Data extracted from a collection
* * *

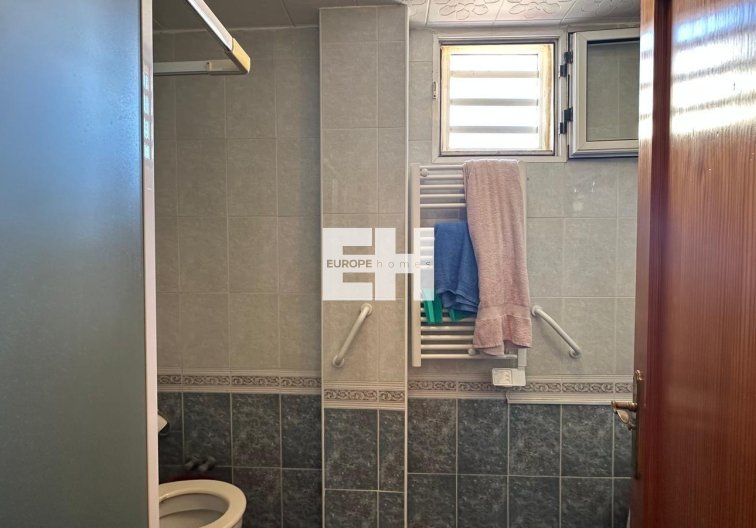 Segunda mano - Apartamento  - Torrevieja - Estacion De Autobuses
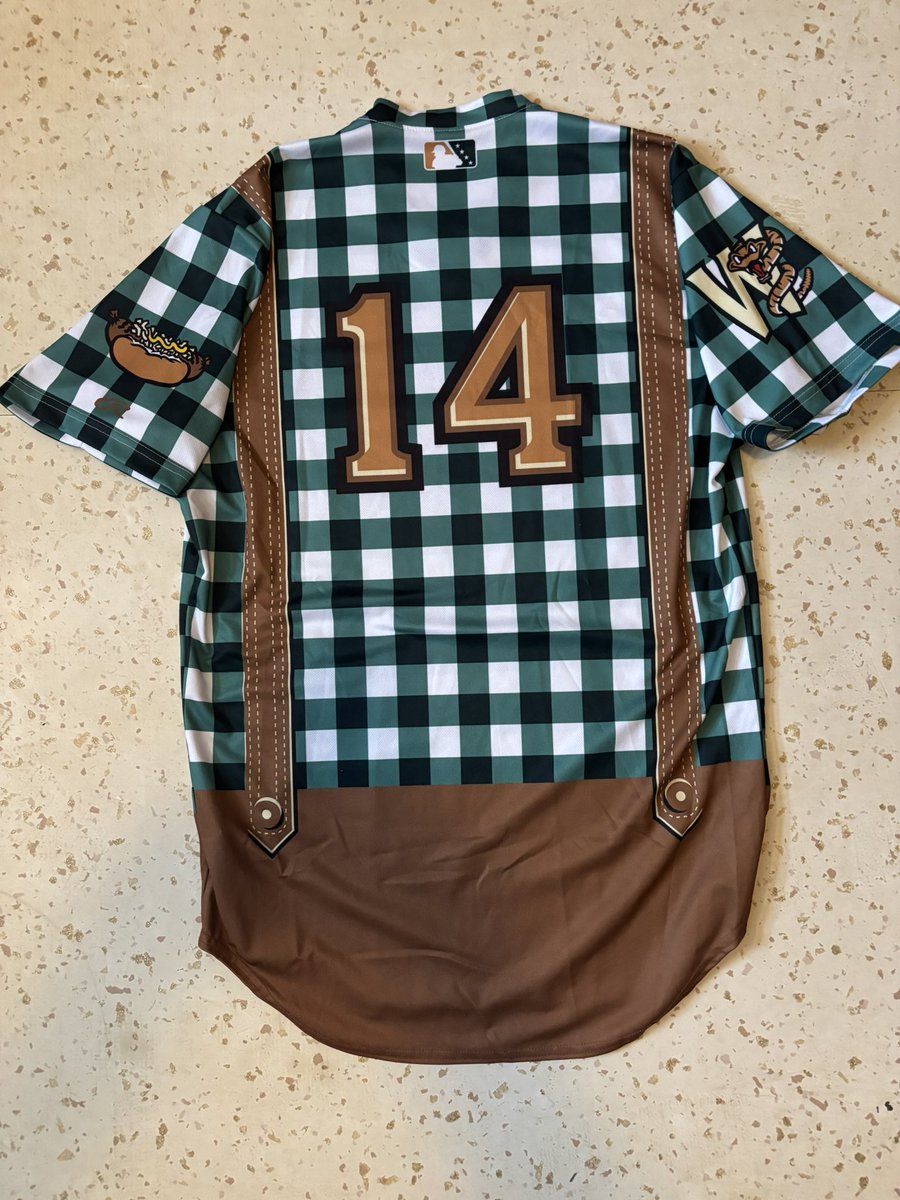 The MiLB food drive continues as this jersey arrived today for my collection of food themed MiLB jerseys. Now up to 17 and I know there are more out there to find and get. Would so like to make a menu when I reach 25.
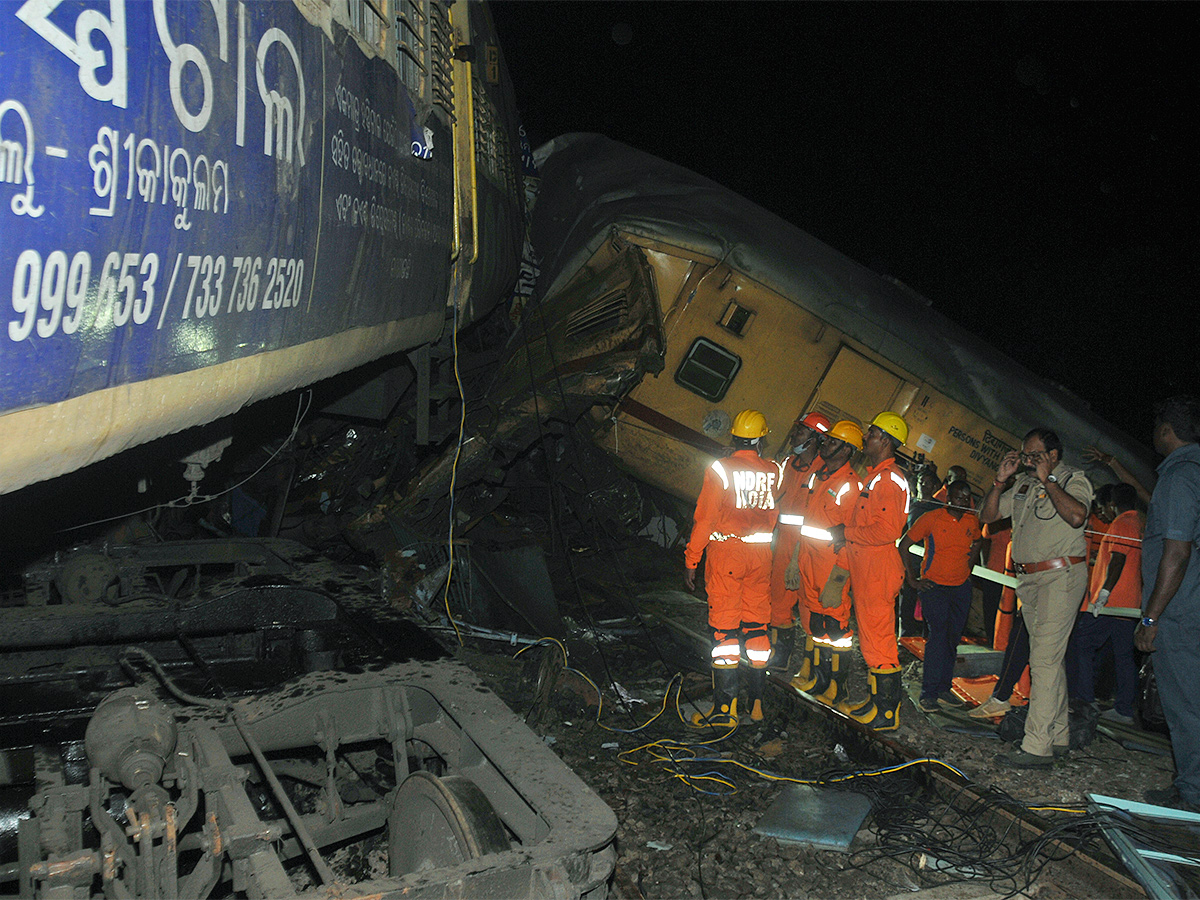 Photos Of Train Accident At Vizianagaram - Sakshi16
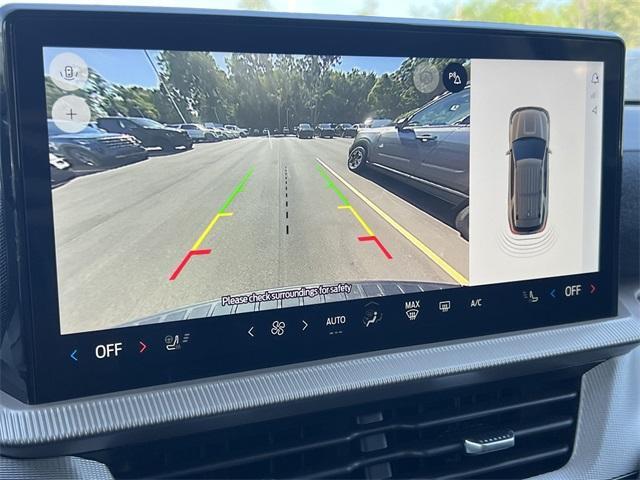 new 2025 Ford Explorer car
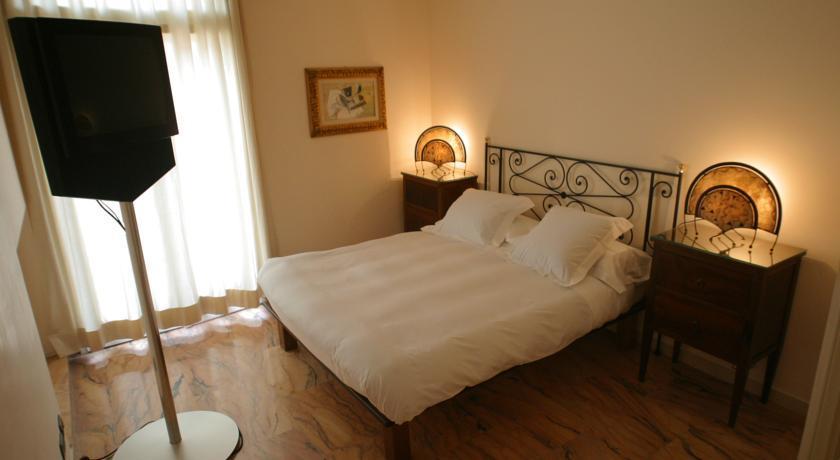 Roma Resort Trevi Pokój zdjęcie
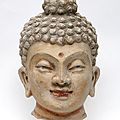 Art gréco-bouddhique du gandhara (ier - vème siècle). tête de bouddha à la coiffure en fines bouclettes.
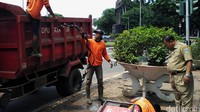 Bungkus kabel yang ditemukan di saluran air itu diangkut menggunakan truk.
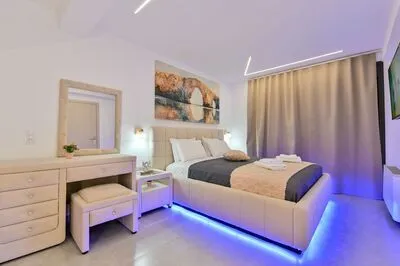 Luxury 5-Bedroom Villa in Meganisi with Pool & Jacuzzi
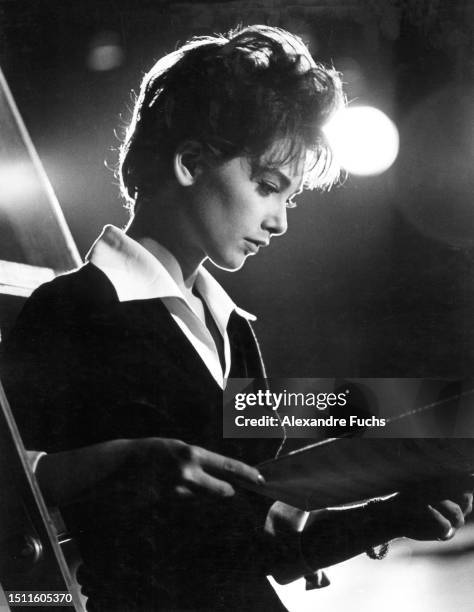 Actress Suzanne Pleshette during a scene of the film '40 Pounds of Trouble' at California, 1962.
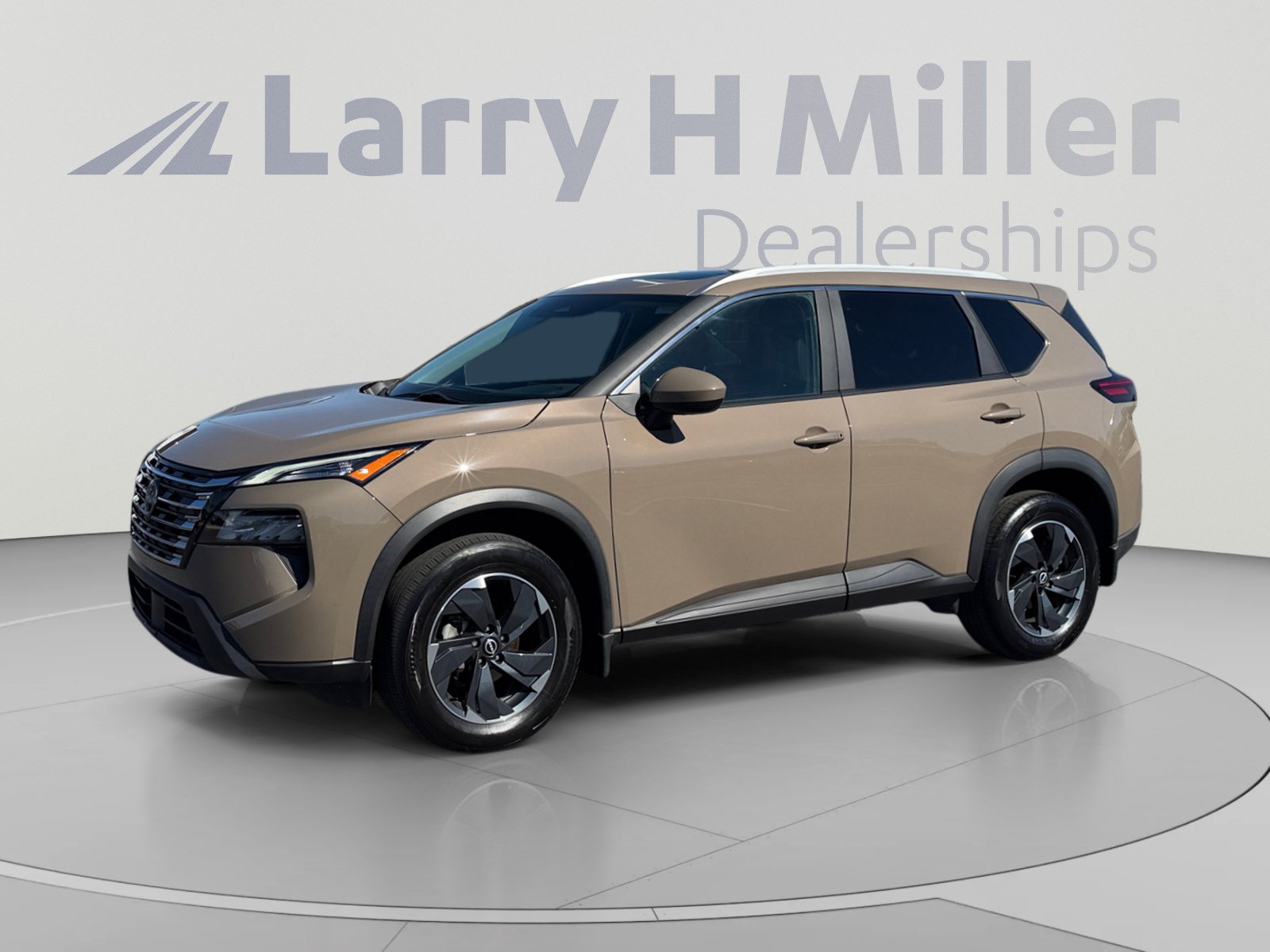 Used 2024 Nissan Rogue SV w/ SV Premium Package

* * *

■ Work instruction:
The answer should be an exact restatement of every entry, with the pictures omitted.

■ Solution to this task:
 Segunda mano - Apartamento  - Torrevieja - Estacion De Autobuses
 The MiLB food drive continues as this jersey arrived today for my collection of food themed MiLB jerseys. Now up to 17 and I know there are more out there to find and get. Would so like to make a menu when I reach 25.
 Photos Of Train Accident At Vizianagaram - Sakshi16
 new 2025 Ford Explorer car
 Roma Resort Trevi Pokój zdjęcie
 Art gréco-bouddhique du gandhara (ier - vème siècle). tête de bouddha à la coiffure en fines bouclettes.
 Bungkus kabel yang ditemukan di saluran air itu diangkut menggunakan truk.
 Luxury 5-Bedroom Villa in Meganisi with Pool & Jacuzzi
 Actress Suzanne Pleshette during a scene of the film '40 Pounds of Trouble' at California, 1962.
 Used 2024 Nissan Rogue SV w/ SV Premium Package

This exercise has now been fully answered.